Gozitan University students are not managing to find affordable housing even as lectures start again next week. In any major city students are vulnerable to unaffordable rent prices but here in Malta most students live with ma and pa. Gozitans do not have that luxury. Commuting daily is impractical and unreliable. At least on weekdays they need to be on the main island to be able to use college facilities into the night and make an early start in the morning.
I used to be a student leader in easier days. At that time Gozitan students had disparities with their Malta-based counterparts but they were mainly issues of inconvenience: the commute from hell and the additional expense of rent.
The costs could be mitigated with a few extra hundred euro a year in dedicated stipend payments reserved for Gozitans to compensate for the rental costs in Msida apartments they shared two to a room.
It’s student life after all and though a little bit rougher for them, Gozitans had the closest thing to proper university life as I later only really experienced when I continued my studies elsewhere.

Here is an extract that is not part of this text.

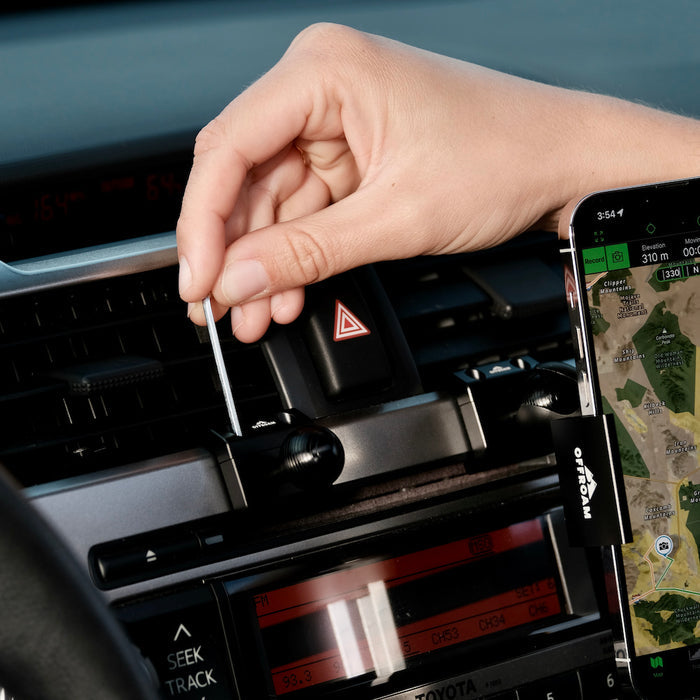 Image of Offroam Mounting Bases installed securely in Toyota 4Runner 2010-2013. This premium all metal phone mounting base installs easily without drilling or glue. Perfect placement without blocking screens, driver view, or air flow.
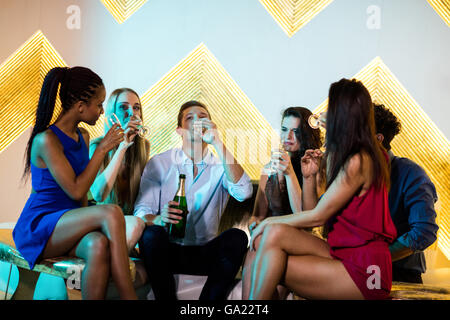 Group of smiling friends sitting on sofa et avoir un verres de champagne Banque D'Images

But Msida has changed since then. It has changed especially in the last two to three years. When space in Sliema and San Ġiljan ran out, expats moved to Msida (and Gżira and San Ġwann) happy to pay over a thousand euro monthly for a roof over their heads.
Landlords who charged students a third of that for the same property struck gold. They are under no social obligation to consider the needs of university students. As they see it maximising their return is a right, even a duty.
Students – real students who move away from home to study, not the ones that have their mother do their beds every morning – are another vulnerable part of our community that is suffering under the pressure of a failure of our perverse property market.
Anti-student prejudice in a generation who benefited from free education, a state-funded stipend, and the bank of mum and dad, will blind the community to the real hardship suffered by these students.
But Gozitan students are coming upon a reality not seen in Malta since the late 1980s: a barrier to entry to university education. No student can afford to pay a four figure monthly rent, not on a stipend, not on a parental allowance, not on a small income from part-time work, not even on a combination of all three.
At that cost students have to confront the reality that they cannot afford university education and in a society where sinecures and ‘positions of trust’ are granted to the appallingly unqualified and the politically connected, people with connections as much as people without wonder if all the effort is worthwhile after all.
This failed rental market not only causes personal hardship to vulnerable people, but in this case, eats into the intellectual capital our nation’s future relies on.
This is where the state must interfere. We should stop being so bloody puritanical about market intervention when it is clear that the government’s neocon dogma, at the behest of the propertied and the newly wealthy, is making things worse for people and for the country.
Universities the world over provide student accommodation in expensive town centres where rent is charged to recover cost and not to maximise yield from premium real estate. Our university is dependant almost entirely on funding from the national budget. A guarantee from the Finance Minister will allow it to borrow money to acquire and develop properties at a reasonable distance from college in order to accommodate students living away from home.
There never has been a more logical and eminent justification for an addition to the national debt. For what is the state for if not to ensure equality of opportunity?
The Finance Minister assures us all the explosion in rental fees is not a crisis. Certainly from the point of view of landlords it isn’t. Is that as far as the Finance Minister can see?